▶ **WHAT NEEDS TO BE DONE**: Every line from the one with "2 chambre Appartement" to the end of the listing, and nothing else, is to be printed exactly; please leave the pictures out.

▶ **DATASET RECORDS**:
--- START ---
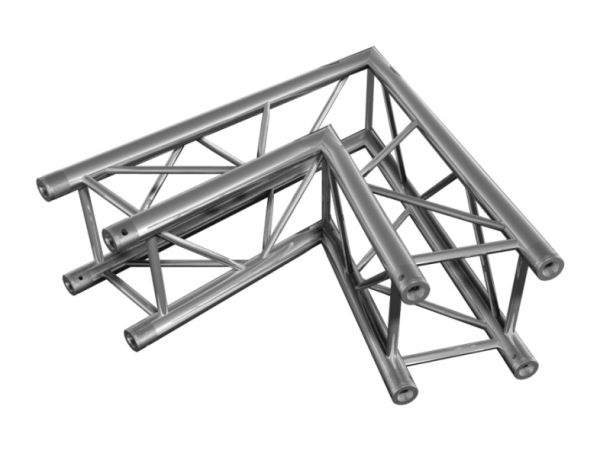 Угловое соединение кв. U-300 60о облегченное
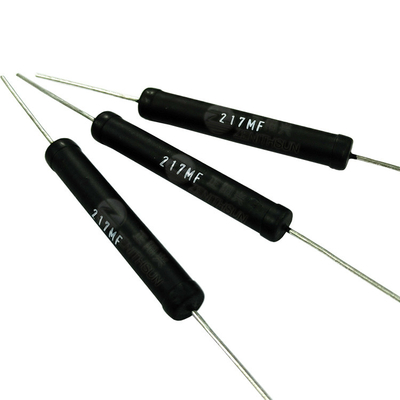 Precision 0.8W 6W High Voltage Resistor Thick Film Non Inductive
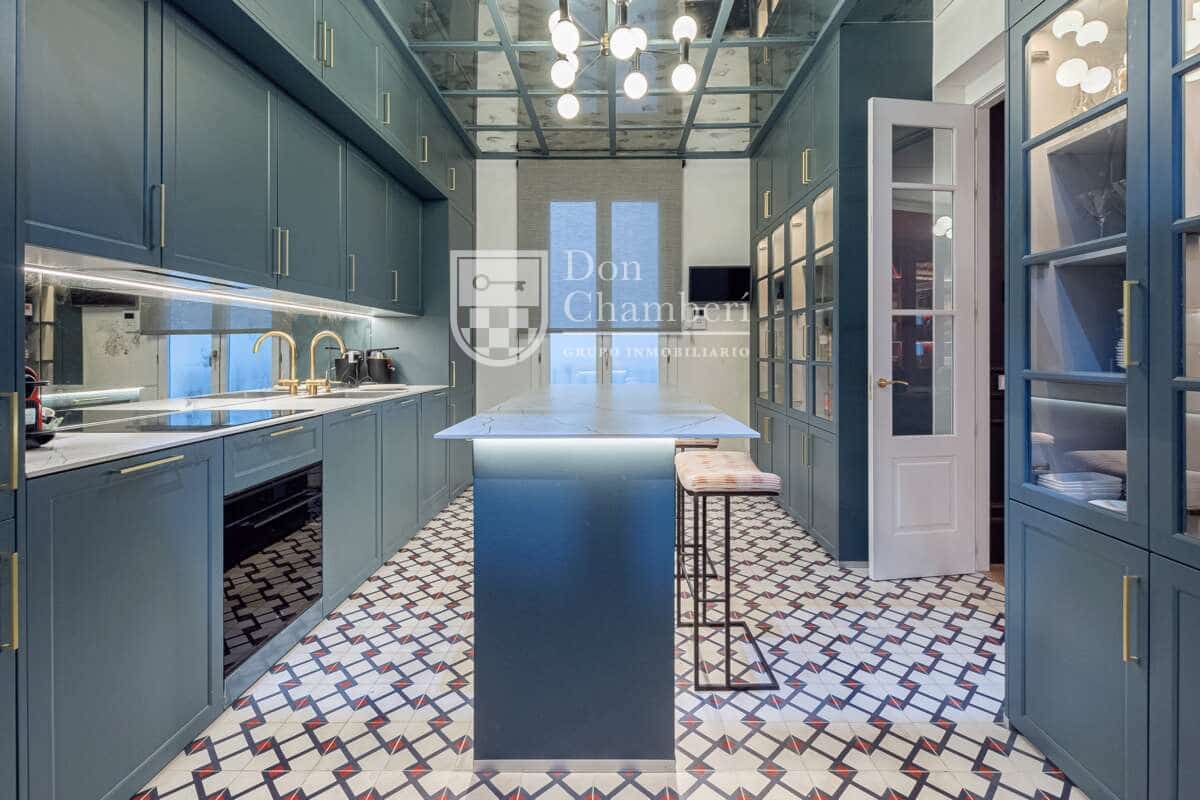 2 chambre Appartement à vendre à Madrid ville - 2 500 000 € (Ref: 9416165)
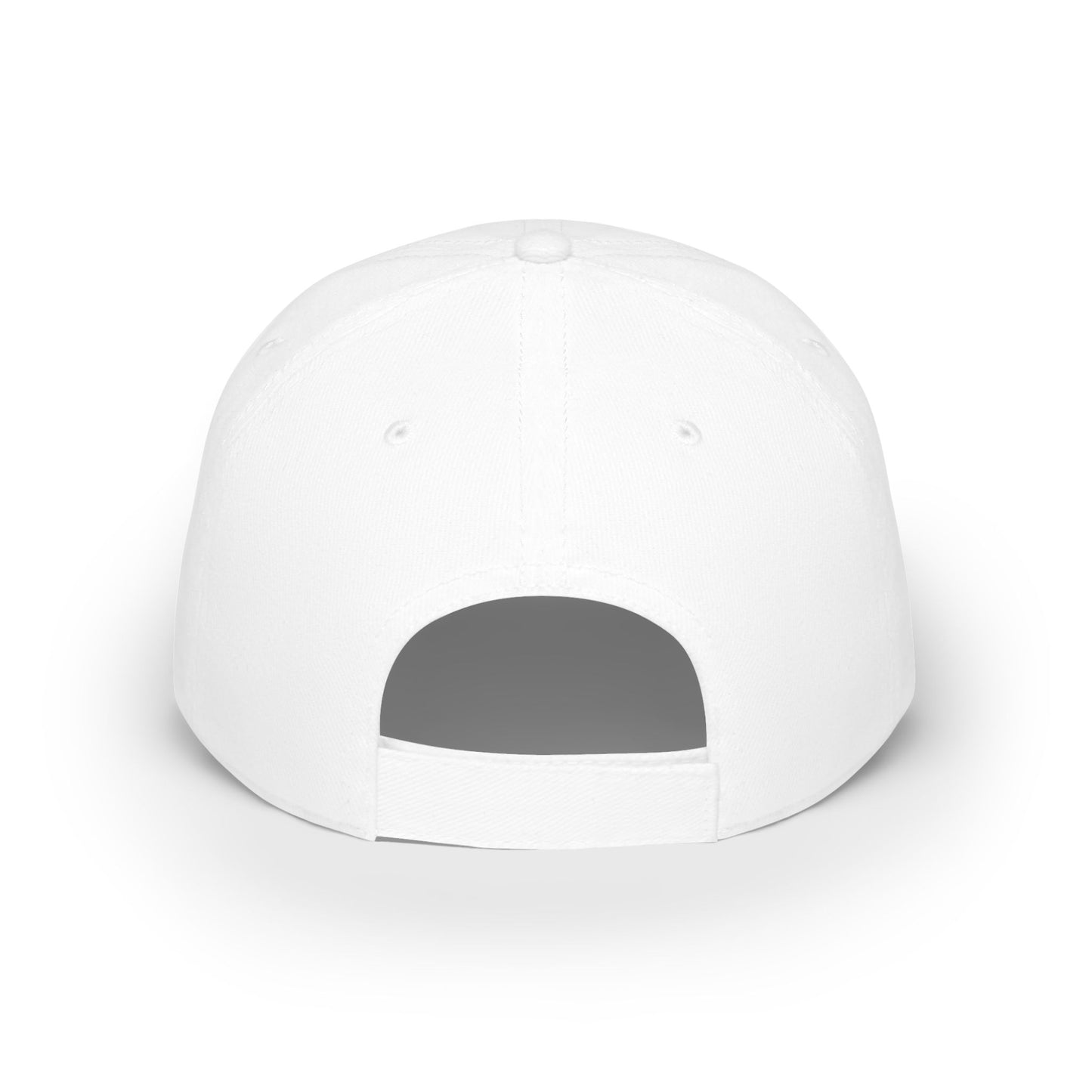 Vessel Branded Low Profile Baseball Cap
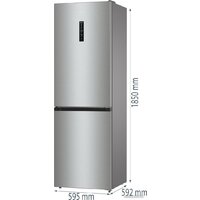 Холодильник Gorenje NRKP61EA2XL4 - Превью изображения №24 — Интернет-магазин ПроЗаказ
--- END ---
▶ **YOUR SOLUTION**:
 2 chambre Appartement à vendre à Madrid ville - 2 500 000 € (Ref: 9416165)
 Vessel Branded Low Profile Baseball Cap
 Холодильник Gorenje NRKP61EA2XL4 - Превью изображения №24 — Интернет-магазин ПроЗаказ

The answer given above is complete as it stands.